**WHAT NEEDS TO BE DONE**
All entries must come back exactly as given, with no pictures in the copy.

**RECORDS FOR THE EXERCISE**
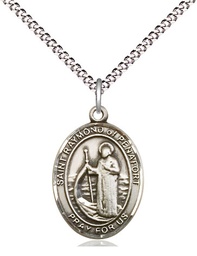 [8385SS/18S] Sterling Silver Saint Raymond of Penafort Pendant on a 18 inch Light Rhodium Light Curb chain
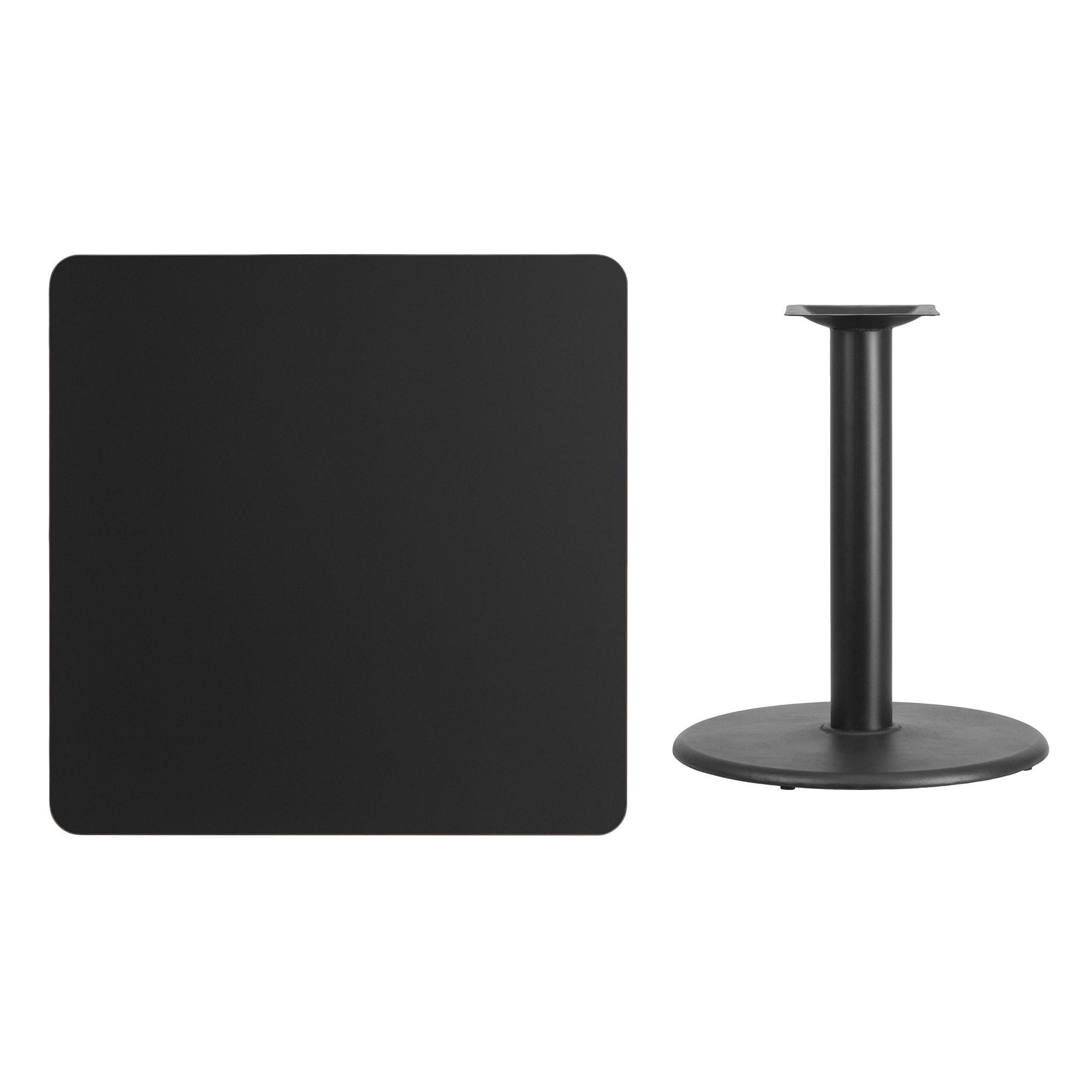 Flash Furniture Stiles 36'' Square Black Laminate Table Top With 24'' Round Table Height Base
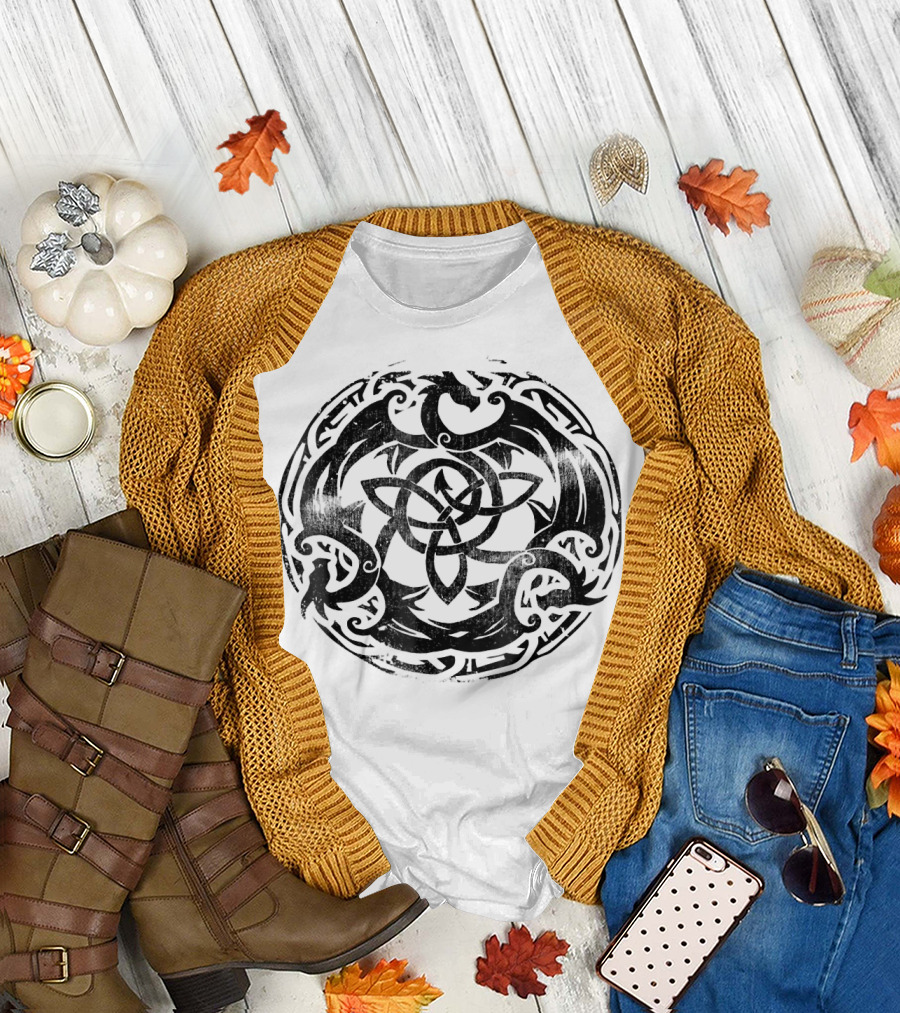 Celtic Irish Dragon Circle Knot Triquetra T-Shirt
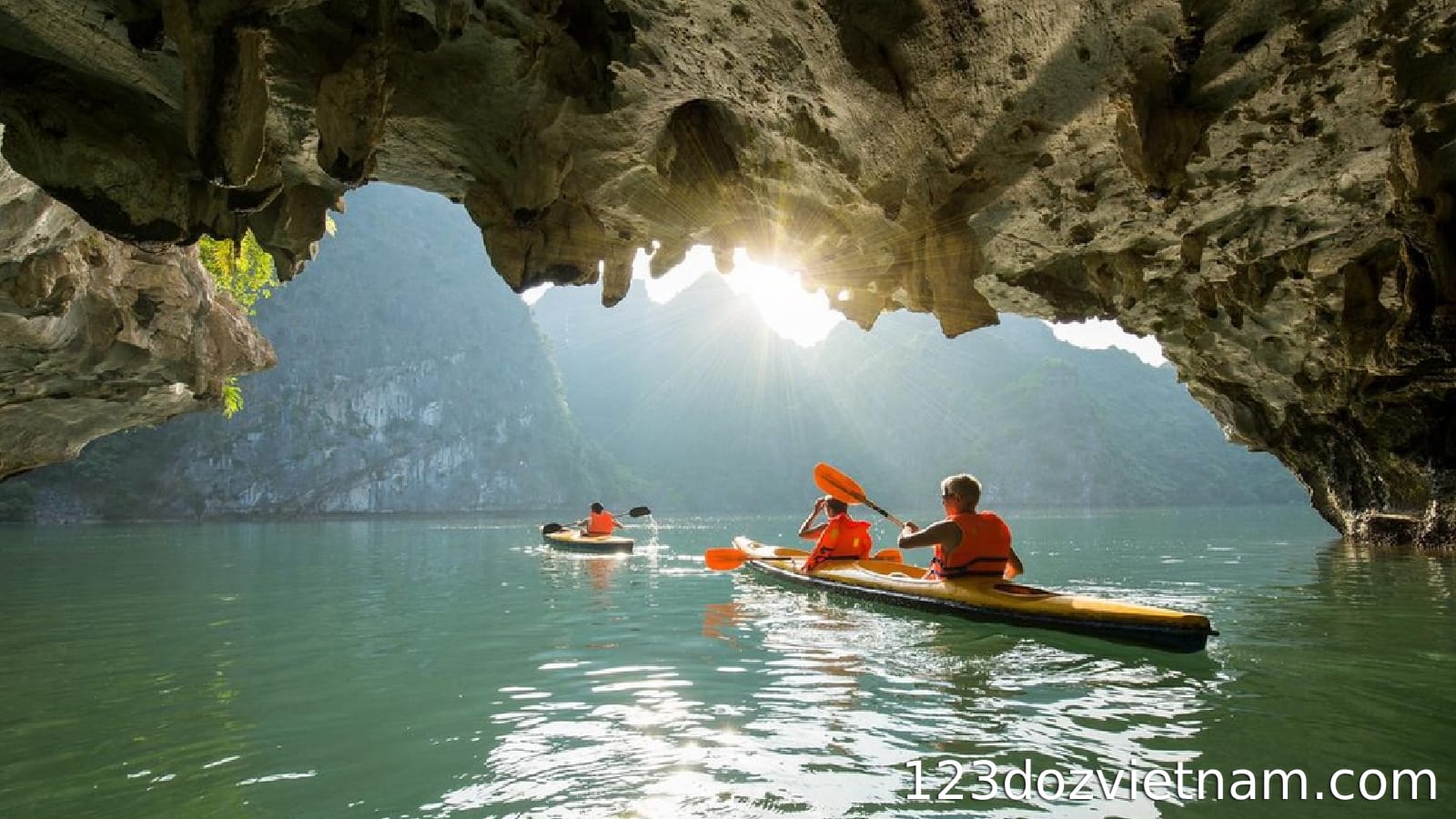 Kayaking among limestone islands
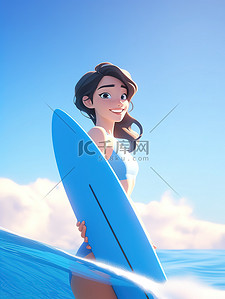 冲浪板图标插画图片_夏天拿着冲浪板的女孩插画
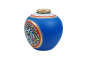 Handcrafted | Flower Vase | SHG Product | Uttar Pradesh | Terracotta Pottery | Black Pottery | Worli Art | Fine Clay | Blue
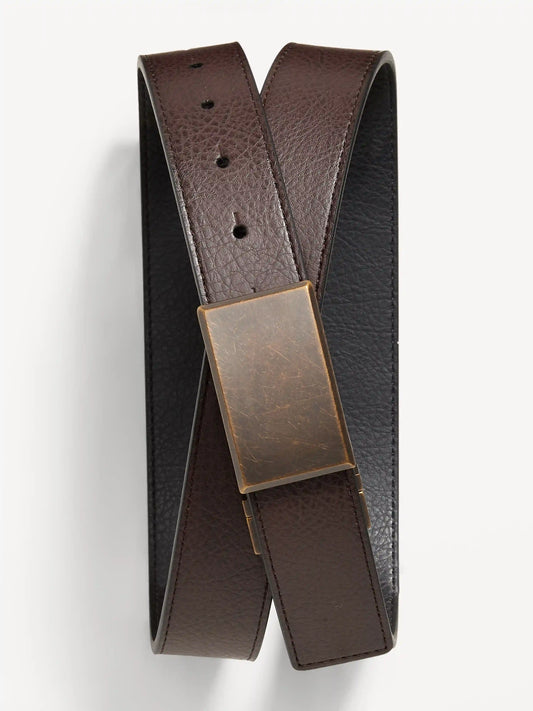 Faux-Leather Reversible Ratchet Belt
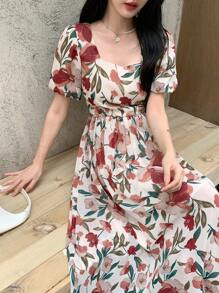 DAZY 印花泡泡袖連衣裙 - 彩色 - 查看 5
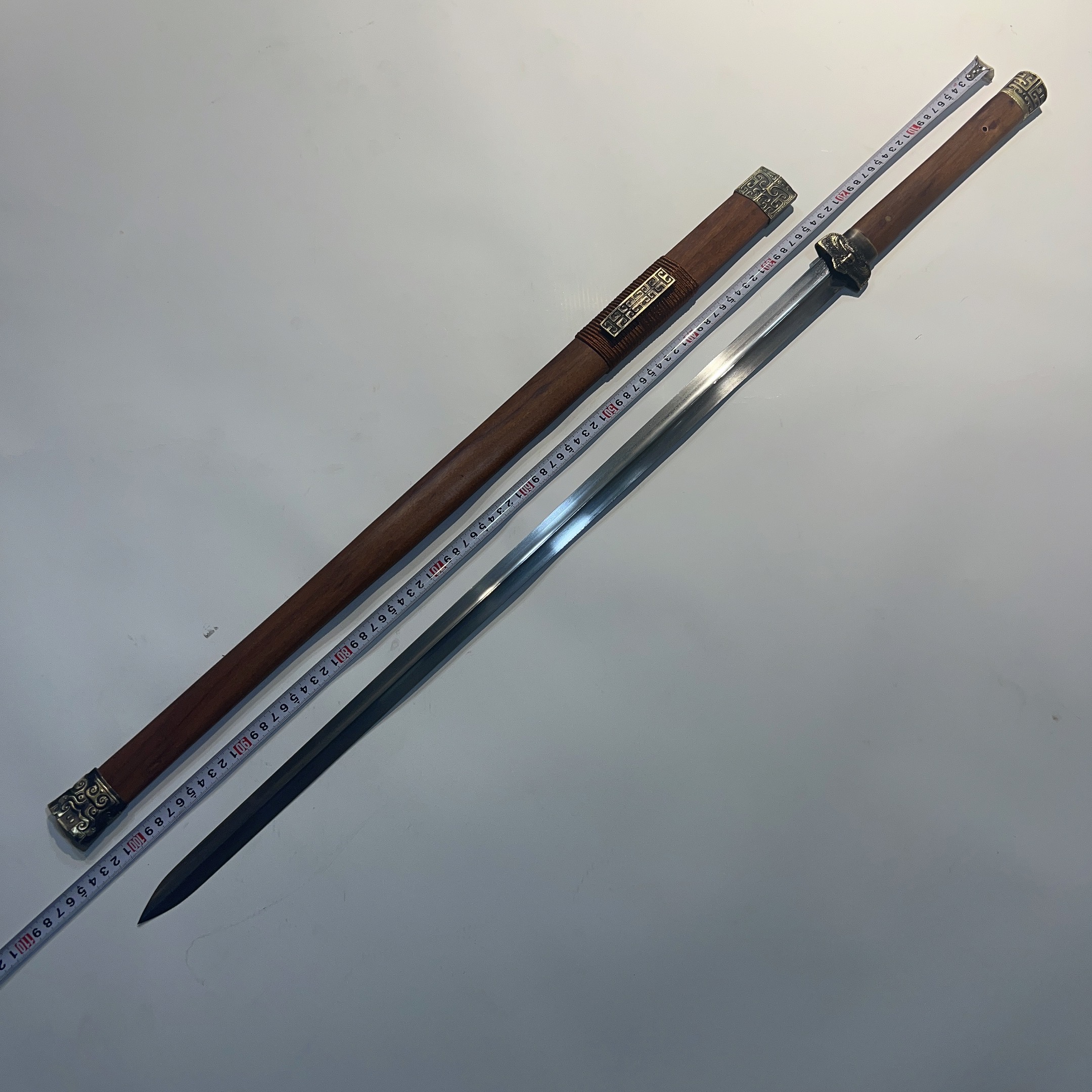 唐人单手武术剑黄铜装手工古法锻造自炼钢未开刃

**OUTPUT OF THE EXERCISE**
 [8385SS/18S] Sterling Silver Saint Raymond of Penafort Pendant on a 18 inch Light Rhodium Light Curb chain
 Flash Furniture Stiles 36'' Square Black Laminate Table Top With 24'' Round Table Height Base
 Celtic Irish Dragon Circle Knot Triquetra T-Shirt
 Kayaking among limestone islands
 冲浪板图标插画图片_夏天拿着冲浪板的女孩插画
 Handcrafted | Flower Vase | SHG Product | Uttar Pradesh | Terracotta Pottery | Black Pottery | Worli Art | Fine Clay | Blue
 Faux-Leather Reversible Ratchet Belt
 DAZY 印花泡泡袖連衣裙 - 彩色 - 查看 5
 唐人单手武术剑黄铜装手工古法锻造自炼钢未开刃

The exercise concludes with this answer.